**The problem**
Repeat exactly, and only, the lines of the entries below from the one with "Zhaoxiangju Boutique Hotel" through the one with "Kleber Almeida |", both ends included.

**Data section**

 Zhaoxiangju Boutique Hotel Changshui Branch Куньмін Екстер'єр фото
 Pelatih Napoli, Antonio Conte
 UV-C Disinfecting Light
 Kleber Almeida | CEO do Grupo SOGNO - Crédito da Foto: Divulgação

* * *

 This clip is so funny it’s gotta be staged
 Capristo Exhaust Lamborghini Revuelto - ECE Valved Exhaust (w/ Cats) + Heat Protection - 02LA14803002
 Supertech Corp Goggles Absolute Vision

...

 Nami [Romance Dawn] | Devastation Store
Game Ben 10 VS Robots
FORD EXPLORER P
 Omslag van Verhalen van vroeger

**Result**
 Zhaoxiangju Boutique Hotel Changshui Branch Куньмін Екстер'єр фото
 Pelatih Napoli, Antonio Conte
 UV-C Disinfecting Light
 Kleber Almeida | CEO do Grupo SOGNO - Crédito da Foto: Divulgação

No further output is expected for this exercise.